Back at your desk Remember those items you’re pushing into next year now. You will want to check your calendar/schedule before going any further. Decisions you make about handling what’s come in over the break need to have an awareness of your existing commitments.

Your inbox content will have grown over the break. Give yourself some time to:

  1. Quick pass for emergency items
  2. Quick pass for spam/items you don’t need to handle
  3. Full pass for everything else.

There is a trick to items 1 and 3. It’s really easy to get caught into handling the first email, handling the second, and so on, only to find by half-way through the day you still have a long list of emails to deal with.

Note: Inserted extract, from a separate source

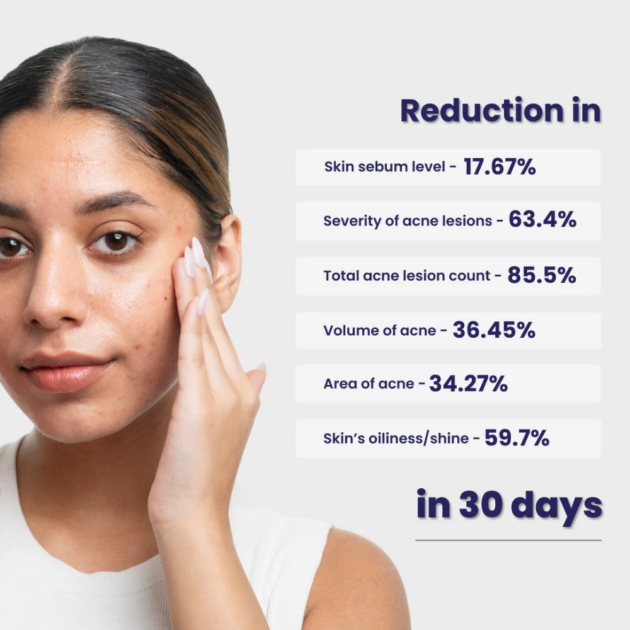 Re'equil Oil Control Face Wash (200ml) - Image 3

Use the 2-minute rule. It works like this.

  • If you can complete what’s required in under 2-minutes - do it now
  • If you don’t need to do anything, delete the email
  • If an email is reference information - file it
  • If what is required takes more than 2-minutes, use the 2-minutes to schedule it for later.

This will allow you to clear your inbox fast with proper consideration for each individual item and where it fits within the whole. You will find the rest of the day is much easier without the burden of unhandled emails hanging over you.

One last thing. Use the 2-minute rule to schedule 2-minutes at the start of your first day back to review this post.